## WHAT THE TASK ASKS:
Before you return the lines below, strip out any images and keep every word as written.

## EXERCISE DATA:
+ + +
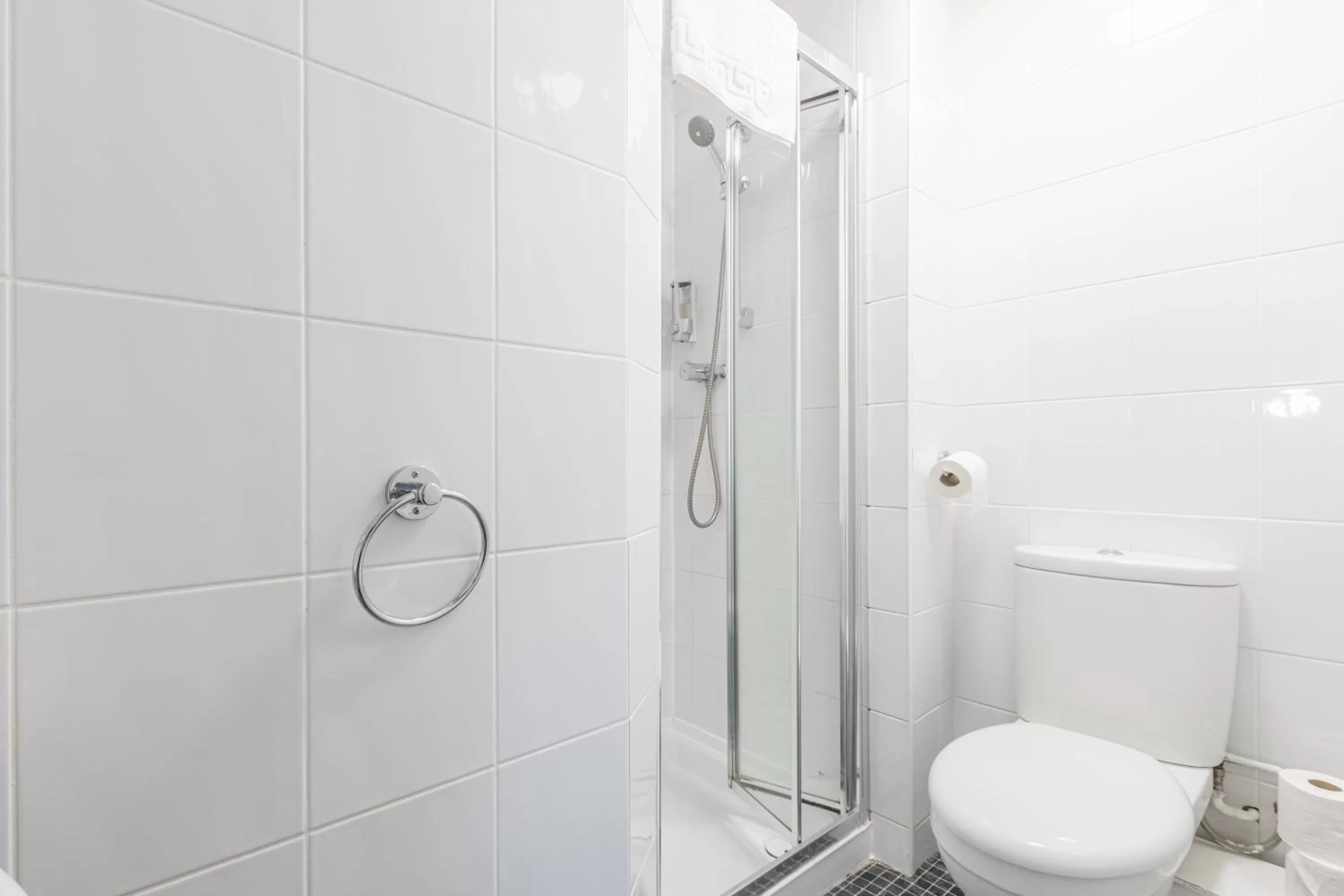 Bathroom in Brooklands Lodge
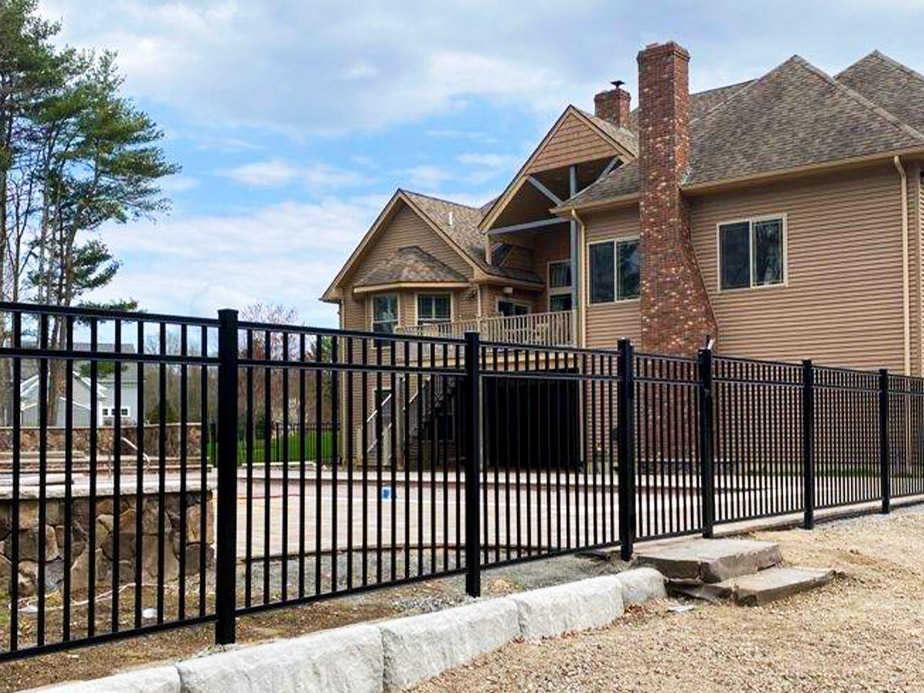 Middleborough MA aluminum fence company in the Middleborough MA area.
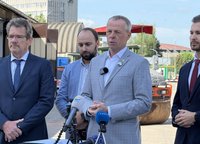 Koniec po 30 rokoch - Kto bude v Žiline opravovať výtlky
+ + +
## TASK RESULT:
 Bathroom in Brooklands Lodge
 Middleborough MA aluminum fence company in the Middleborough MA area.
 Koniec po 30 rokoch - Kto bude v Žiline opravovať výtlky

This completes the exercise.